Our Newest Justice: Some Thoughts on Justice Gorsuch’s Debut
March 7, 4:30-5:30p.m., Moot Courtroom
Diane S. Sykes, Circuit Judge of the U.S. Court of Appeals for the Seventh District, will offer some observations and analysis of our newest Supreme Court Justice’s early work.

Oman: An Island of Peace in the Middle East
March 7, 5:30p.m., The Union Club
A foreign policy forum with Her Excellency Hunaina Sultan al-Mughairy, the Omani Ambassador to the United States, on relations between the U.S. and Oman and Oman’s strategic position in the Middle East. Student tickets are $5.

Think Forum: Jill Lepore
March 7, 6:00p.m., Maltz Performing Arts Center
Jill Lepore, historian and writer for The New Yorker, kicks off the spring Think Forum series with her talk “American History from Beginning to End.” Lepore will explore the question: “Can a divided nation have a shared past?” She also will discuss the challenges of writing the history of the United States in a time of division.

A Celebration of Women’s Leadership
March 8, 8:00a.m.-1:30p.m., TVUC Ballroom
The Flora Stone Mather Center for Women hosts celebration of female leadership, including two panels of women leaders who will discuss taking risks, navigating transitions and their experiences with challenging new leadership roles. RSVP by February 28.

Content Moderation in an Age of Extremes
March 8, 4:30-5:30p.m., Moot Courtroom
Rebecca Tushnet, the Frank Stanton Professor of First Amendment Law at Harvard, discusses content moderation and the multiple types of actors in intermediary space being recruited into policing content.

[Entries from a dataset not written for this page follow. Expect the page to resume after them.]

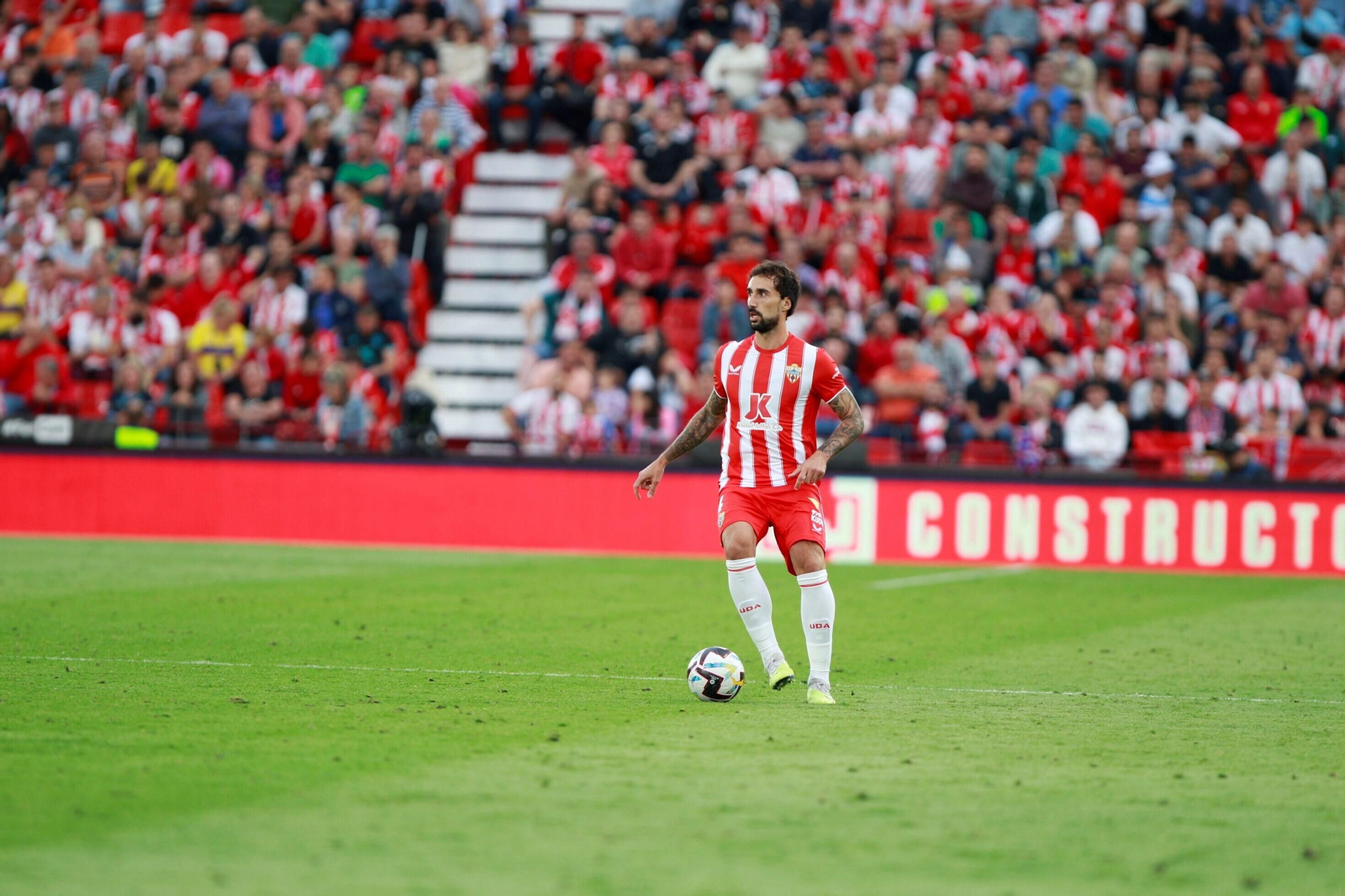 Eguaras orienta el balón durante un partido de la temporada pasada disputado en el Power Horse Stadium.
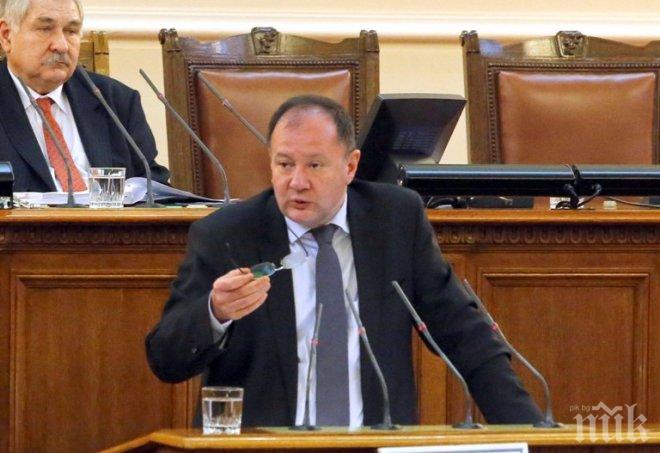 Михаил Миков внася вотът на недоверие следващата седмица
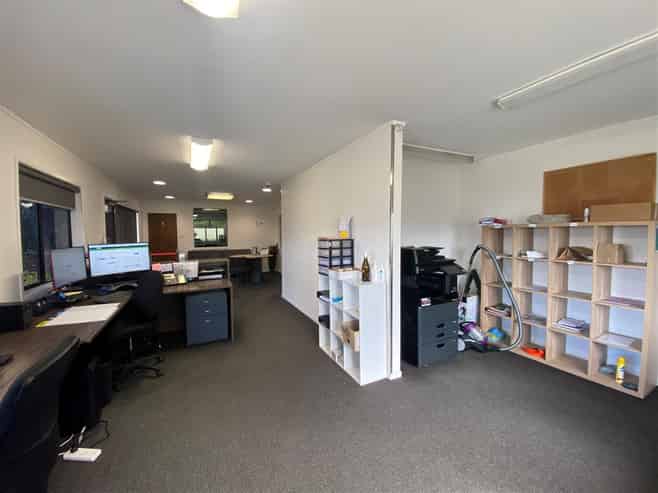 Industrial With Large Secure Yard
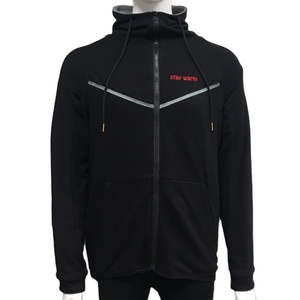 Sudadera con capucha térmica USB y USB-C con logotipos de marcas bordados a medida de fábrica, con almohadillas calefactoras de fibra de carbono - Product Image 3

Friday Lunch: Law Enforcement and the Opioid Crisis
March 9, 12:30-1:30p.m., KSL Dampeer Room
Join David Flannery, Professor and Director of Begun Center for Violence Prevention Research and Education, to discuss his research on how deaths from drug use became a medical and public health, rather than a law enforcement, issue.

“The Everyday Vigilance Required to Make Real Progress Toward Racial Equity & Inclusion”
March 28, 3:00p.m., TVUC Ballroom C
Mark Joseph, PhD, the Leon Bevis/Marguerite Haynam Associate Professor in Community Development in the Jack, Joseph and Morton Mandel School of Applied Social Sciences, will discuss  “The Everyday Vigilance Required to Make Real Progress Toward Racial Equity &  Inclusion.” Joseph is also the founding director of the National Initiative on Mixed-Income Communities and faculty associate for the Center on Urban Poverty and Community Development.
 

Internship and Fellowship Opportunities

The Ohio Legislative Service Commission: 2019 Legislative Fellowship Program 
The LSC Legislative Fellowship Program is a paid, full-time, professional, 13-month experience for college graduates who will have completed their bachelor’s degree by December 2018. This program provides practical experience in the legislative process and in legislative research. Applications must be postmarked by April 1.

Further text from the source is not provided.